I received a ton of emails leading up to elk season this year regarding my recommendations for gear – everything from boots and backpacks to bows and broadheads. Now that many of you are winding down your elk hunts, I am getting a ton more emails regarding gear. Most of these emails are coming from frustrations experienced during elk season, and are from hunters looking for recommendations for gear that will work better than what they used this season.
Hunting gear is a delicate subject, so take this information with a grain of salt. I am not trying to shamelessly plug a sponsor by sharing the gear that I use. I use the gear I do for one reason – because it works. If that aligns with – and provides an opportunity for – a sponsor to get exposure through my channels, that is a win-win, but that is not at the center of my gear choices. I find gear that works for my style of hunting, and I use it. There are still plenty of items I buy at full price because they work, and I refuse to compromise quality and reliability in the field simply because a company is willing to pay to advertise.
With very few exceptions, the gear I use has been tried and tested in multiple situations and for several years. I KNOW I can rely on it, and I KNOW it won’t fail or under-perform. That certainly doesn’t mean another piece of gear is inferior, or that the gear I use is the only gear that will work. It simply means my gear has earned my trust after thorough testing, and I’m willing to recommend it to you. With that being said, gear is a very individualistic topic. What works great for me might not be the best choice for you and your style of hunting. However, I can rest easy knowing that if I recommend this gear, I don’t have to worry about it failing on someone or leaving them in a rough predicament.
Much of the gear I use I have used for many years. Some of it I have just recently discovered. There are a couple items that I used for the first time this season. Most of these items are from companies that I have long trusted, but the actual item was new for my arsenal this fall. Here are a few of those “new” gear choices:
Black Eagle Spartan arrows – I’ve shot Black Eagle arrows for a few years now, and they have definitely earned my trust. They are tough and they fly great. For the past 3-4 seasons, I’ve been shooting the Rampage arrows and they have performed flawlessly. However, with a slightly larger diameter (0.276” in the 350-spine), the new Spartan arrows caught my attention last winter, so I began shooting them at 3D tournaments last spring and throughout the summer. I love them. Combined with a 30-grain insert weight and my 100-grain broadheads, I am coming in right at 440-grains with an FOC of just over 15%. These arrows fly straight (.001” straightness) and they hit hard. Definitely a keeper that will be in my quiver again next year.

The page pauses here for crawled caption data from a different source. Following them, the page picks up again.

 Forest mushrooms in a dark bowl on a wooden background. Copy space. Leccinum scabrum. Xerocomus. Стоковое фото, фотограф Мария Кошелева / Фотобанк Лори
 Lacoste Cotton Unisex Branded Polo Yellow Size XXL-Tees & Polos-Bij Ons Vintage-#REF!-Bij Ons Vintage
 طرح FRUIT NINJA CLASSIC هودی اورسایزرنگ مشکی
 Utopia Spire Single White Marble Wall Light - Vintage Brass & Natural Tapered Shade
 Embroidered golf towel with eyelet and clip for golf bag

Prime Rize bow – Many of you know that I went through a major change in my bow choice a couple years ago, and it was a change that I didn’t take lightly. In fact, I set up and shot 4 different bows for nearly a month before I made the choice. In the end, the Prime Alloy I had set up was consistently ending up in my hand day after day, so that is the one I went with. I immediately fell in love with the consistent, smooth performance, and tuning it was way too easy. Last winter, when the new Rize from Prime was unveiled, I decided to give it a try. I can honestly say I have never been more confident in a bow. This bow is an absolute shooter!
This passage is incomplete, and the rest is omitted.